Head... hurts...! I tend to think that recognition systems based in adjacent / opposite stickers are much faster than thinking in terms of corner permutation and edge permutation which means twisting corners and flipping edges on your mind. But I'm more of a visual trigger kind of guy. In fact half my OLLs I cannot remember them unles I find them midsolve and them, bam! my muscle memory takes over. If I have to execute them on an already oriented LL I'm clueless


----------



## Chree (Jun 24, 2016)

mafergut said:


> Head... hurts...! I tend to think that recognition systems based in adjacent / opposite stickers are much faster than thinking in terms of corner permutation and edge permutation which means twisting corners and flipping edges on your mind. But I'm more of a visual trigger kind of guy. In fact half my OLLs I cannot remember them unles I find them midsolve and them, bam! my muscle memory takes over. If I have to execute them on an already oriented LL I'm clueless



Oh, don't get me wrong... my COLL recognition is basically that. Looking at the Same/Opp/Adj relationships of colors on U layer, then on the sides. And lots of people extend that to the edges for ZBLL recognition.
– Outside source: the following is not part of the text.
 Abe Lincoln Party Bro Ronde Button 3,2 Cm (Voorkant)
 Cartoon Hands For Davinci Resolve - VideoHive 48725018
But I'm not that deep into ZBLL yet... the only thing I really know how to look for is blocks, and knowing what I know about PLL helps me out there.


----------



## mafergut (Jun 24, 2016)

Chree said:


> Oh, don't get me wrong... my COLL recognition is basically that. Looking at the Same/Opp/Adj relationships of colors on U layer, then on the sides. And lots of people extend that to the edges for ZBLL recognition. But I'm not that deep into ZBLL yet... the only thing I really know how to look for is blocks, and knowing what I know about PLL helps me out there.


Understood  I'm scared to learn COLL yet so I can't even imagine ZBLL


----------



## Daniel Lin (Jun 24, 2016)

mafergut said:


> Looks nice but I don't know how to interpret the recognition part


ZBLL recognition is super easy.
https://www.speedsolving.com/wiki/index.php/ZBLL#Edge_recognition


----------



## Daniel Lin (Jun 24, 2016)

*Day 2: *ZBLL L 52
y' R' F2 R2 L' U' L U R2 F2 R
*recognition: *OppX

This is just a setup to left sexy
[R' F2 R2:left sexy]

This alg can also be inverted
ZBLL L 49
y2 R' F2 R2 U' L' U L R2 F2 R
*recognition: *O/O


----------



## turtwig (Jun 25, 2016)

So... Do you know full ZBLL?

(By the way, I'm really liking this idea!)


----------



## TheCoolMinxer (Jun 25, 2016)

I really like this idea already learned the first 2  But I don't get your recognition system 
What does O/C or O/O mean?


----------



## Daniel Lin (Jun 25, 2016)

turtwig said:


> So... Do you know full ZBLL?
> 
> (By the way, I'm really liking this idea!)


I know all cases for L and H.
I know more than half of T, U, and Pi.
After I finish them, I'm not going to learn any sunes or antisunes.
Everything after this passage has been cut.